Restate every line below word for word, but drop each picture.

> SOURCE DATA:

..........

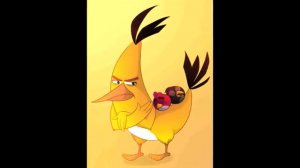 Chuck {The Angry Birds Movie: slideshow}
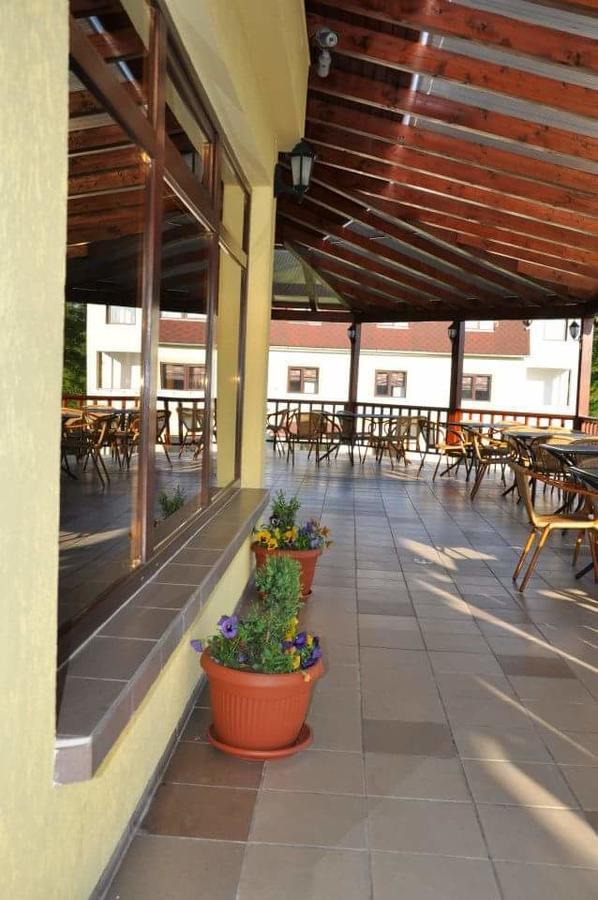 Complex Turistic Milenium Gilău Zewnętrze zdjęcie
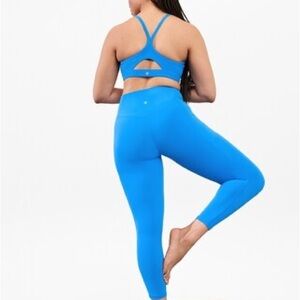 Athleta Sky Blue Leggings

..........

> WORKED SOLUTION:
 Chuck {The Angry Birds Movie: slideshow}
 Complex Turistic Milenium Gilău Zewnętrze zdjęcie
 Athleta Sky Blue Leggings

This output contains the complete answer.